COLLECTED MATERIAL>
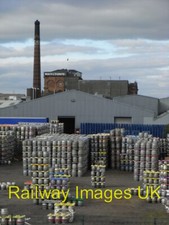 Photo - Marston's Brewery seen across Coors's yard c2009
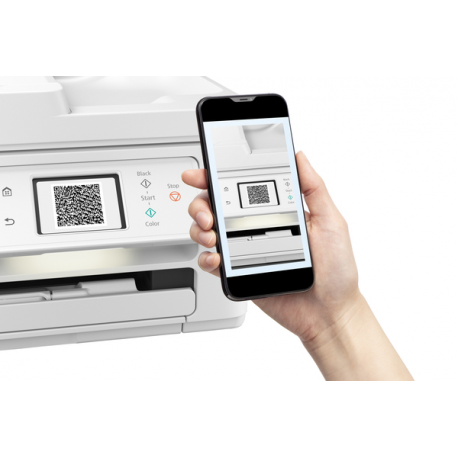 Canon PIXMA TS7750i - Multifunction printer - colour - ink-jet - Legal (216 x 356 mm) (original) - A4 / Legal (media) - up to 15 ipm (printing) - 200 sheets - USB 2.0, Wi-Fi(n) - 8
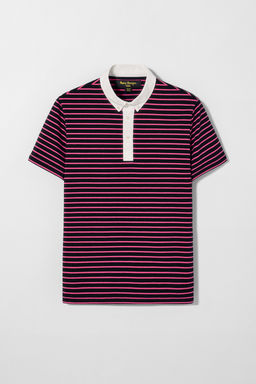 STRIPED POLO SHIRT BOBBY GILLESPIE X ZARA  фото 2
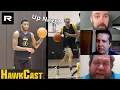 HawkCast - Lucy Olsen to fill the Caitlin Clark Void The Iowa Men to Play DEFENSE this Year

TASK INSTRUCTIONS>
Please reproduce the whole listing exactly; the pictures stay out.

SOLVED PROBLEM>
 Photo - Marston's Brewery seen across Coors's yard c2009
 Canon PIXMA TS7750i - Multifunction printer - colour - ink-jet - Legal (216 x 356 mm) (original) - A4 / Legal (media) - up to 15 ipm (printing) - 200 sheets - USB 2.0, Wi-Fi(n) - 8
 STRIPED POLO SHIRT BOBBY GILLESPIE X ZARA  фото 2
 HawkCast - Lucy Olsen to fill the Caitlin Clark Void The Iowa Men to Play DEFENSE this Year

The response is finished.